§ **SOURCE DATA**:
((

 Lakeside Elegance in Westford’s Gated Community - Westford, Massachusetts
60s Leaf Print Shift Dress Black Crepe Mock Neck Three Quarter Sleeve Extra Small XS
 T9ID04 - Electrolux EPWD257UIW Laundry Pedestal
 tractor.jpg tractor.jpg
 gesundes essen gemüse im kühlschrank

))
((

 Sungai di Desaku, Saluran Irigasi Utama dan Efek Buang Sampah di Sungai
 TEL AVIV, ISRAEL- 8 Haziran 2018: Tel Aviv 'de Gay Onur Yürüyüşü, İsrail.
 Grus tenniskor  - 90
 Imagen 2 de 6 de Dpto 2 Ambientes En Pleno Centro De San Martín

))
((

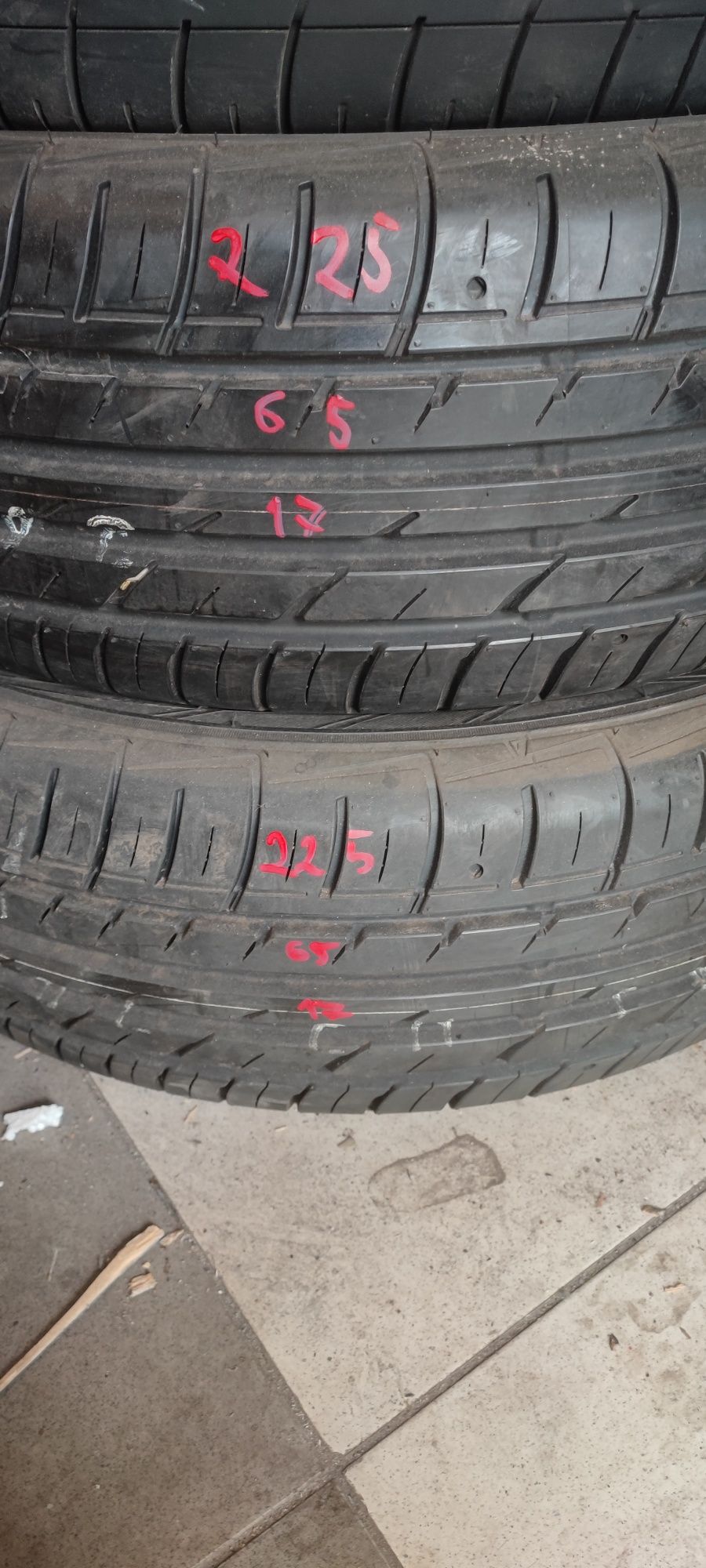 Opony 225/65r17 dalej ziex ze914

))

§ **WHAT THE EXERCISE ASKS**:
Print again the lines of the entries above that fall between the line holding "Lakeside Elegance in" and the line holding "gesundes essen gemüse im kühlschrank", inclusive, exactly as they stand.

§ **RESULT OF THIS TASK**:
 Lakeside Elegance in Westford’s Gated Community - Westford, Massachusetts
60s Leaf Print Shift Dress Black Crepe Mock Neck Three Quarter Sleeve Extra Small XS
 T9ID04 - Electrolux EPWD257UIW Laundry Pedestal
 tractor.jpg tractor.jpg
 gesundes essen gemüse im kühlschrank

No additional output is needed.